Removed this during a K&T rewire. 
We were able to fish the wire and reinstall it. 
There were no manufacturer stamps on it, so I assume it was made custom. 


Sent from my iPhone using electriciantalk.com


----------



## 360max (Jun 10, 2011)

looks like elevator button call box


----------



## fdew (Mar 26, 2009)

There have been switch plates on Ebay with as many as 4 switches one above the other.

I don't know why


----------



## Hawkrod (Mar 19, 2012)

I have seen those in old buildings in odd locations including 1950's cubicles, door and window frames/stiles and various poles (usually like a 4 X 4 steel tubing in a shop).


----------



## Mshea (Jan 17, 2011)

I have seen these for light fixtures, elevator buttons, local motor control like for an overhead door.
Never have seen regular plugs and switches on a box like that.


----------



## Barjack (Mar 28, 2010)

This is the "finished" product.

I reinstalled the cover plates as well. 

I'll let the inspector and homeowner argue about the legality. He wanted them reinstalled. 

That one in the door jam won't fit any other box that I know of. 

This had to be custom made, and probably field tapped for the devices, and nothing really lines up. The switches actually overlap once installed. 

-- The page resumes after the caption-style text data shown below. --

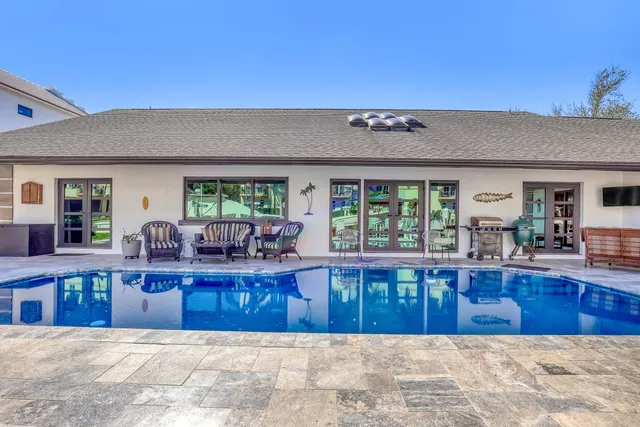 an aerial view of a city with lots of residential buildings ocean and mountain view in back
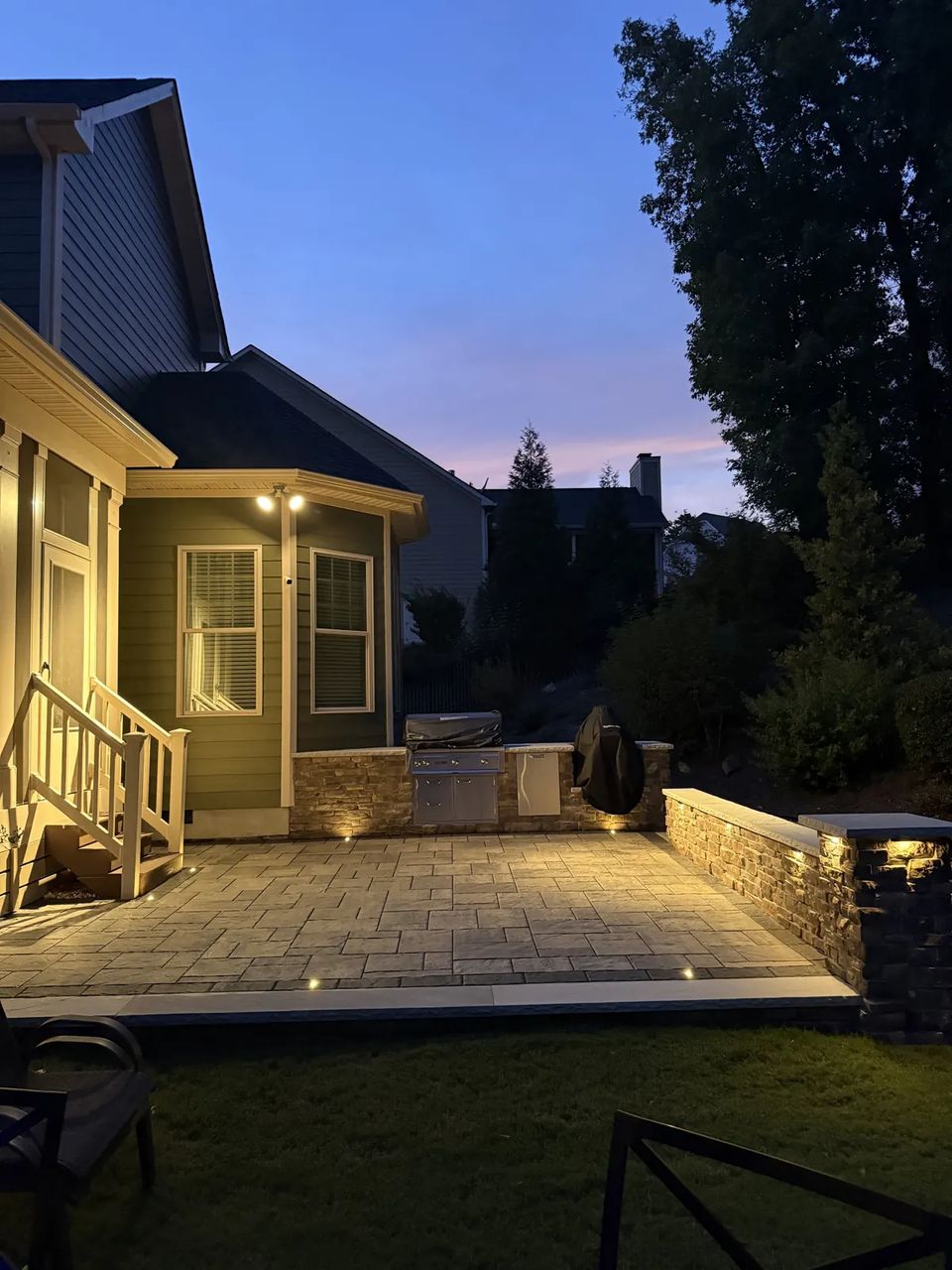 Porch steps and patio glowing at dusk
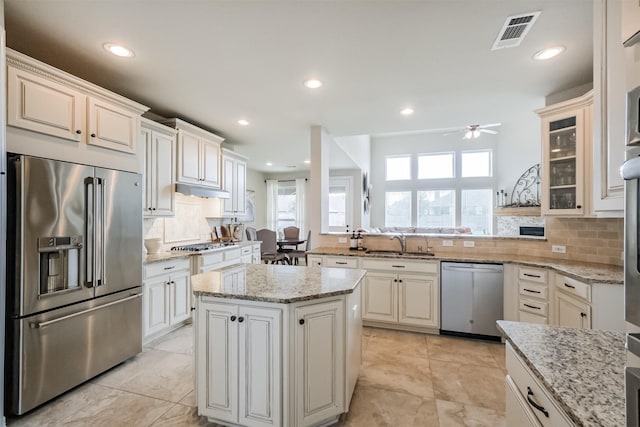 kitchen with ceiling fan, sink, kitchen peninsula, a kitchen island, and appliances with stainless steel finishes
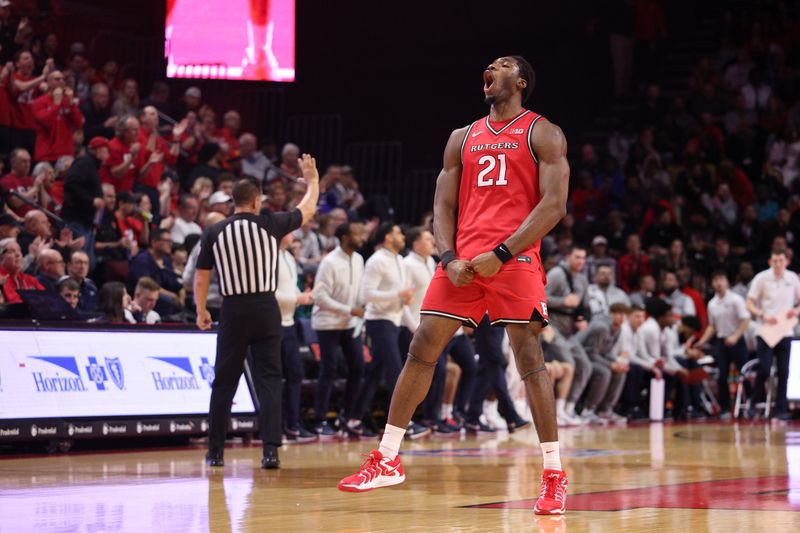 Mar 8, 2026; Piscataway, New Jersey, USA; Rutgers Scarlet Knights center Emmanuel Ogbole (21) reacts during the first half against the Penn State Nittany Lions at Jersey Mike's Arena. Mandatory Credit: Vincent Carchietta-Imagn Images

Sent from my iPhone using electriciantalk.com


----------



## Jason Harper (Nov 7, 2014)

That is an old one. I have seen many of these kinds. But have you asked the owner why he wants to re install it . Its quite obsolete now . The mini switches are ridiculous.


----------



## Maple_Syrup25 (Nov 20, 2012)

Jason Harper said:


> That is an old one. I have seen many of these kinds. But have you asked the owner why he wants to re install it . Its quite obsolete now . The mini switches are ridiculous.


because its cool man! old scchool


----------



## fdew (Mar 26, 2009)

Your pix explains a lot. I bet that house was wired after it was built. It was easier to pull of the door trim and run wire behind it then it was to make holes in the walls.

It probably has outlets in the baseboards as well.

I like it.


----------



## Barjack (Mar 28, 2010)

Jason Harper said:


> That is an old one. I have seen many of these kinds. But have you asked the owner why he wants to re install it . Its quite obsolete now . The mini switches are ridiculous.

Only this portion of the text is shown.